Durante más de 40 años, ADRA ha estado al lado de los más vulnerables, salvando vidas, devolviendo la dignidad y ayudando a las comunidades a recuperarse con más fuerza. Cada año, nuestros proyectos de respuesta a emergencias proporcionan alimentos, agua, refugio, atención sanitaria, apoyo higiénico y ayuda en efectivo para salvar vidas a personas afectadas por catástrofes, conflictos y desplazamientos. Basada en principios humanitarios y normas globales, la red de más de 115 oficinas nacionales de ADRA permite una acción rápida y coordinada en respuesta a las crisis.
La preparación es fundamental en el planteamiento de ADRA. A través de la Plan Nacional de Gestión de Emergencias (PNGE), cada oficina refuerza su capacidad para anticiparse a los riesgos, organizar los recursos y responder con rapidez. El NEMP garantiza procedimientos claros de planificación y coordinación, lo que permite a los equipos actuar con rapidez y eficacia.

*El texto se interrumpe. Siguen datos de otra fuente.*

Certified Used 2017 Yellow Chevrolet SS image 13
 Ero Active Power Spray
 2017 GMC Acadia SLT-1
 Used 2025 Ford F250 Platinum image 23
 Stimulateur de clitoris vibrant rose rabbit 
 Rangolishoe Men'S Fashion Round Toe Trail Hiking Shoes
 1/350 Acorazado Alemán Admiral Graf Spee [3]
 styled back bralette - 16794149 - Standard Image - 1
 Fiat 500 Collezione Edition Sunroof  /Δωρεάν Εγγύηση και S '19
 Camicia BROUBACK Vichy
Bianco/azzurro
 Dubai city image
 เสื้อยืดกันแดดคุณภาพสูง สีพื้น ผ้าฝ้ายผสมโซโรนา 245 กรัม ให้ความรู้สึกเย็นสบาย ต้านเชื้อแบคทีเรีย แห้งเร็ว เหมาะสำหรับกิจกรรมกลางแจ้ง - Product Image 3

Equipos de respuesta a emergencias (ERT) ampliar aún más la capacidad de ADRA. Formados por personal cualificado, voluntarios y representantes de las iglesias, los ERT pueden desplegarse local o internacionalmente cuando una oficina nacional se ve desbordada. Las formaciones periódicas a escala mundial dotan a sus miembros de conocimientos esenciales en redacción de propuestas, logística, coordinación y normas humanitarias.
ADRA también promueve una “enfoque ”cash-first, permitiendo a los hogares comprar lo que más necesitan. Esto preserva la dignidad, aumenta la flexibilidad y apoya a los mercados locales a medida que las comunidades comienzan a recuperarse.
La respuesta de ADRA no termina con la emergencia. Nos quedamos para ayudar a las comunidades a reconstruir sus hogares, restablecer sus medios de subsistencia y prepararse para el futuro. Este compromiso a largo plazo significa que la recuperación es sostenible y que las comunidades son más fuertes cuando llega la próxima crisis.